Агата пытается вырвать руку, но я сильнее. Вбиваю ее в стену, заставив захлебнуться очередной порцией ядовитых слов, хочу налететь на губы, но щеку обжигает пощечина.
– Нет! Ты ко мне не притронешься! Я, может, и игрушка, но у меня тоже есть права. И ты сейчас уберешь свои лапы! От. Меня! – сжимает и разжимает ладонь, которая скорее всего безумно горит от прикосновения к моей дневной щетине.
– И не мечтай, – сдавливаю ее подбородок, тяну вверх, локоть отвожу в сторону, не обращая внимания на сопротивление. Ей же больнее. – Обещал ведь тебе жестокую расправу и не отступлю, мыша облезлая.
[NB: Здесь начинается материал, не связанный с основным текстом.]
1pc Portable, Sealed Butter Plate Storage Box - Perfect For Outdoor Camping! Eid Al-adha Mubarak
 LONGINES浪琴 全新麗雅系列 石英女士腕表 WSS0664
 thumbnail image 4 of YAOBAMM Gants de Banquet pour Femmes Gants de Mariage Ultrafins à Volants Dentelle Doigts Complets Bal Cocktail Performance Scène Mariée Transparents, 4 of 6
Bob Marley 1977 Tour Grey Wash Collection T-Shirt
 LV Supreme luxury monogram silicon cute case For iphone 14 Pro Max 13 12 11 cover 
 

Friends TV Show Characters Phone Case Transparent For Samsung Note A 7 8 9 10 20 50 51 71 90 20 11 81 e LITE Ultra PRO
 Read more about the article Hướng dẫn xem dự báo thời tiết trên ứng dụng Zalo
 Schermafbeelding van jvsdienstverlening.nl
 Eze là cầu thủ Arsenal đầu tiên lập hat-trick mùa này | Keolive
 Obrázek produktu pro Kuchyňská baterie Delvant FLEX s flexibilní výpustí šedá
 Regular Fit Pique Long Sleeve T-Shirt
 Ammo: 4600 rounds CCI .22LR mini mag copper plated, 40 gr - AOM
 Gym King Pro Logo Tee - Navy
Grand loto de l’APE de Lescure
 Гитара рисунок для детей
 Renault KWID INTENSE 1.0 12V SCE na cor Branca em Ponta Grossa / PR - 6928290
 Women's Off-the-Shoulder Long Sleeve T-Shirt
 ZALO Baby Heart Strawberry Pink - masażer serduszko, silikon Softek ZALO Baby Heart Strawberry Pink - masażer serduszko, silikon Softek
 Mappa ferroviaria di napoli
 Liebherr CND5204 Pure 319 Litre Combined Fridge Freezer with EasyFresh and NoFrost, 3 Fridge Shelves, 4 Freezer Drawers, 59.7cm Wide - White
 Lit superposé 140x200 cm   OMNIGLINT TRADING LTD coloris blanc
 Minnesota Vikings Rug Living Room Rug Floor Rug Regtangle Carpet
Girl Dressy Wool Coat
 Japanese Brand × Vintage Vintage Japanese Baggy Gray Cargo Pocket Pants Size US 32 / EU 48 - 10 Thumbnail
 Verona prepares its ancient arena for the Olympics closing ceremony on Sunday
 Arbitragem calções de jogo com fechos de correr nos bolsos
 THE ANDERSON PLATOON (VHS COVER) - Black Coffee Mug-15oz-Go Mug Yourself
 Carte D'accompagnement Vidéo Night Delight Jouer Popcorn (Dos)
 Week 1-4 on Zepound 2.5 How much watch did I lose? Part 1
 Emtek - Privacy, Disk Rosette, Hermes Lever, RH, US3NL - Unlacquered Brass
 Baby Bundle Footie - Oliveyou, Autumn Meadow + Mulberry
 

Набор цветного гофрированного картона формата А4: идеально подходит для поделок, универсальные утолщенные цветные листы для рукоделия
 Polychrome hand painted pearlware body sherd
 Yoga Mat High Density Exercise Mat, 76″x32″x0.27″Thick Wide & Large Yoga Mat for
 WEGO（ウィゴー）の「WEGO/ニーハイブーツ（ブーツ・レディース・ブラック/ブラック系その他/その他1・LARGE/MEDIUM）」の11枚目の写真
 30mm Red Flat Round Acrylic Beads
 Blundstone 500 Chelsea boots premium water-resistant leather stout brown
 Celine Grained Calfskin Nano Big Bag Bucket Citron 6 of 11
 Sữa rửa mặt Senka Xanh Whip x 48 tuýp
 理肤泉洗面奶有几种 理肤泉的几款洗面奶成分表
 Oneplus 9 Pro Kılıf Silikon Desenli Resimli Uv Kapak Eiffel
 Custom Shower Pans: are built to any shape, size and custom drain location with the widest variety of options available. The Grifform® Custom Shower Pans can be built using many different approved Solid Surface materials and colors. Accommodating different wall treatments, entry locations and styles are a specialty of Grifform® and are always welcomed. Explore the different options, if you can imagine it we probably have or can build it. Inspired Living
Но когда разглядываю ее лицо, красное от слез, опухшие глаза, затуманенный взгляд, наполненный болью, отступаю. Какого хрена я творю?
– Дам тебе фору, – отряхиваю руки, будто мне брезгливо к ней прикасаться. – Свали, сучка, с глаз долой. Трахаться я сейчас не хочу.
– Урррод, – рычит она и убегает, глотая рыдания.
Наверху хлопает дверь. Стою, ошарашенный происходящим, качаюсь на пятках и рву волосы.
Я вдруг осознаю.
Мне больно делать ей больно. Что за хрень?!
Присаживаюсь на кушетку и сжимаю на коленях холодные руки. Тошнит жутко. Страшно до головокружения.
Но так будет лучше. Никто не осудит меня, не посмеет, потому что у меня нет выхода. Я никому не нужна, кроме слепого брата и старенькой бабушки, которая сама еле ходит и помочь с ребенком не сможет. Так что, все правильно.
Я так ухожу в себя, что не сразу слышу, как щелкает дверь. Уже когда рядом появляется стул, и Давид приседает на край, перекрыв собой весь кабинет, слегка вздрагиваю от неожиданности.
– Как ты? – мягко и как всегда с легкой улыбкой спрашивает врач. – Очень бледная, и анализы, – он разворачивает папку и качает головой, – мягко говоря, не очень.
– Какая разница? – сухо проговариваю, сглатывая вязкую слюну.
Давид прикрывает бумаги широкой ладонью, серьезно смотрит мне в глаза, а потом говорит:
– Уверена, что хочешь этого? Может, стоило Руслану сказать? Он все-таки отец, хоть и обормот.
– Нет, – отворачиваюсь от его пристального взгляда, а слезы сами наплывают на глаза и размывают видимость. Вдохнув, снова смотрю на врача и жестко прошу: – И ты никогда не скажешь ему об этом. Слово дай. Обещай мне!